In order for a relationship to run smoothly, partners need to function as a team while still maintaining their distinct identities.

It's a delicate balancing act many couples struggle to master.

As I've stressed in recent posts, both individuals have to pull their own weight.

If the same person is left doing all the chores every week -- whether it's cooking dinner, tending to the dogs, or doing the laundry -- while the other goes off to carouse with friends, how long do you think it will be before the former feels aggrieved?

Chores should be divided evenly so that both parties can free up time for themselves, whether it's to go to the movies together or catch up with their buddies. (There are always exceptions, of course, as when couples agree that one will stay at home taking care of the children and the household duties.)

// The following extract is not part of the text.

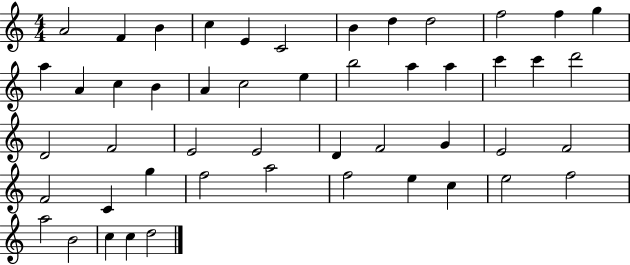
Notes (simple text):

A4/h F4/q B4/q C5/q E4/q C4/h B4/q D5/q D5/h F5/h F5/q G5/q A5/q A4/q C5/q B4/q A4/q C5/h E5/q B5/h A5/q A5/q C6/q C6/q D6/h D4/h F4/h E4/h E4/h D4/q F4/h G4/q E4/h F4/h F4/h C4/q G5/q F5/h A5/h F5/h E5/q C5/q E5/h F5/h A5/h B4/h C5/q C5/q D5/h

When a couple adopts a team mentality, they essentially leave selfishness at the door. They make concessions for one another and, rather than jockey for position, strive to compromise in order to arrive at decisions that benefit both of them.

If "give and receive" isn't in a partner's vocabulary, they're sure to have a rude awakening.

Relationships in which only one person is invested -- whether physically, emotionally, or financially -- don't last very long. Love, time, kindness, hard work, loyalty, compassion, and communication should all be reciprocated.

However, there are those couples who go the other extreme and do virtually everything together.

They're attached at the hip, consulting one another before making even the smallest decisions. Even worse, they espouse each other's views and attitudes without necessarily agreeing with them, and take up one another's hobbies just to please each other.

You shouldn't become so passive and accommodating that you give up the things you love for the other person, your identities seemingly merging into one.

Partners enhance each other's lives by bringing new things to the table. You might not share your husband's love of bonds or birds, but you can still learn a few things from him nonetheless.

Never should we shed our uniqueness to become a mirror image of our partner. At the end of the day, we are still two distinct people with disparate personalities, quirks, and goals.

Such attributes should complement each other so that each person adds value to the relationship in some way. For example, I am not a handy person by any means, but my wife is quite adroit at assembling stuff. At the same time, she is very forgetful while I possess an almost photographic memory.

But if the two of you are aiming to be exactly alike, it's much more difficult for one's strengths to offset the other's weaknesses.

Spending time apart every once in a while so that you can each connect with friends and relatives and focus on your separate pursuits is good for the relationship. It certainly gives you more to talk about when you're home together.

In sum, relationships require that partners strike a healthy balance between making a comparable investment of time and energy in the relationship, and continuing to cultivate the very things that make them two unique individuals.